Work instructions
Lines after the one containing "17年升学宴黄道吉日 2025年7月升学宴黄道吉日一览表" are to be omitted; print exactly each line from the start of the records up to and including it.

[Crawled caption data]
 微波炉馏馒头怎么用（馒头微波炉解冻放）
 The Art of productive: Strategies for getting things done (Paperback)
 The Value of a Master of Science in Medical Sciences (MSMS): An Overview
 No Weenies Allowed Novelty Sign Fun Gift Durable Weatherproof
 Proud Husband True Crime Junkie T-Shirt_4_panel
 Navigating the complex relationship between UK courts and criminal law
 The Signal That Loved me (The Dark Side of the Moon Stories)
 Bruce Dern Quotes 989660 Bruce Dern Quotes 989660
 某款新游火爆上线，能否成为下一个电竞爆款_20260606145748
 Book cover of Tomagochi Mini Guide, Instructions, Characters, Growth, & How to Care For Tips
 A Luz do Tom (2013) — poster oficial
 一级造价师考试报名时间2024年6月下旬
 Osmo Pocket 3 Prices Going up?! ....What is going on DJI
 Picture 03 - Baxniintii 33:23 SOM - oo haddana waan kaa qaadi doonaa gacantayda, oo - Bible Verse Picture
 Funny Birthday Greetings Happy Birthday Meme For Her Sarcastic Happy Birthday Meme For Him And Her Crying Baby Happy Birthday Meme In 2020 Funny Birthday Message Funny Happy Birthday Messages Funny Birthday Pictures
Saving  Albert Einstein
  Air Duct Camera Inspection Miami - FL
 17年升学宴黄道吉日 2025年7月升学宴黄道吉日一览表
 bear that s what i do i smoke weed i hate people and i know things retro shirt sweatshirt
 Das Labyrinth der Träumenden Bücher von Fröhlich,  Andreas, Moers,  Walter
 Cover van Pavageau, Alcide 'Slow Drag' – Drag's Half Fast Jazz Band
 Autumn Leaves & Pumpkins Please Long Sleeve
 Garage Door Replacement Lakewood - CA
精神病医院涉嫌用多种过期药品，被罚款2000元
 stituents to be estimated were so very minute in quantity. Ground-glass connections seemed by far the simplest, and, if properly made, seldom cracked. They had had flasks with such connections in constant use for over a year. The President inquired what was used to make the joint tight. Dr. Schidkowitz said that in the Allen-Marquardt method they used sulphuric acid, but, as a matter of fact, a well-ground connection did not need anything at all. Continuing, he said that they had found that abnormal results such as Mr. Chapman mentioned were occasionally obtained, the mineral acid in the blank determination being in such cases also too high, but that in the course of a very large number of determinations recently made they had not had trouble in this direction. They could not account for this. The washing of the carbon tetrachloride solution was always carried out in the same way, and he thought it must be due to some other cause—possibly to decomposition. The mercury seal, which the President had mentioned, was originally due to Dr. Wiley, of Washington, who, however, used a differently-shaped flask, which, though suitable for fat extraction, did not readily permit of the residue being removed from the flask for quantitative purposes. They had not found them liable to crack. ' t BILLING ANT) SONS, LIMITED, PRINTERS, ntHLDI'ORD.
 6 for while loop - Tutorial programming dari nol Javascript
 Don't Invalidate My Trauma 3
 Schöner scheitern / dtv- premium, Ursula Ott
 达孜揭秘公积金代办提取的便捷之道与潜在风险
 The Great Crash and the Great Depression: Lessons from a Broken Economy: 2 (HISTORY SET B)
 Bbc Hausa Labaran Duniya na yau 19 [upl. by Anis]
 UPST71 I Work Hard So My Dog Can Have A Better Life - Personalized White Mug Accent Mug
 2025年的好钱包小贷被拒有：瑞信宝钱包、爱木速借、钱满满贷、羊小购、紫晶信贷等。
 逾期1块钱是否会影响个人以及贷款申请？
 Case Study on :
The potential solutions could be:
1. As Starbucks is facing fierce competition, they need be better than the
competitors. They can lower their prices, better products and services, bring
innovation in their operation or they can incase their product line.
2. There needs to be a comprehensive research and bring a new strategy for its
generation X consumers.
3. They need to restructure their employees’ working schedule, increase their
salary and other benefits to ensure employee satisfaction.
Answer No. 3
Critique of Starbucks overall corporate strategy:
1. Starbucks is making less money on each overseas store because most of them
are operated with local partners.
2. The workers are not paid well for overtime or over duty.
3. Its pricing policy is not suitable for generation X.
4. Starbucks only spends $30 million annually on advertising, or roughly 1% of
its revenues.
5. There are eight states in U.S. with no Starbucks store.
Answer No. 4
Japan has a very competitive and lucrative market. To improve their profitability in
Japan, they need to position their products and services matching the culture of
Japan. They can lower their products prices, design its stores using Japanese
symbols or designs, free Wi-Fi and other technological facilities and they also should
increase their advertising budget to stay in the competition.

Answer below
 微波炉馏馒头怎么用（馒头微波炉解冻放）
 The Art of productive: Strategies for getting things done (Paperback)
 The Value of a Master of Science in Medical Sciences (MSMS): An Overview
 No Weenies Allowed Novelty Sign Fun Gift Durable Weatherproof
 Proud Husband True Crime Junkie T-Shirt_4_panel
 Navigating the complex relationship between UK courts and criminal law
 The Signal That Loved me (The Dark Side of the Moon Stories)
 Bruce Dern Quotes 989660 Bruce Dern Quotes 989660
 某款新游火爆上线，能否成为下一个电竞爆款_20260606145748
 Book cover of Tomagochi Mini Guide, Instructions, Characters, Growth, & How to Care For Tips
 A Luz do Tom (2013) — poster oficial
 一级造价师考试报名时间2024年6月下旬
 Osmo Pocket 3 Prices Going up?! ....What is going on DJI
 Picture 03 - Baxniintii 33:23 SOM - oo haddana waan kaa qaadi doonaa gacantayda, oo - Bible Verse Picture
 Funny Birthday Greetings Happy Birthday Meme For Her Sarcastic Happy Birthday Meme For Him And Her Crying Baby Happy Birthday Meme In 2020 Funny Birthday Message Funny Happy Birthday Messages Funny Birthday Pictures
Saving  Albert Einstein
  Air Duct Camera Inspection Miami - FL
 17年升学宴黄道吉日 2025年7月升学宴黄道吉日一览表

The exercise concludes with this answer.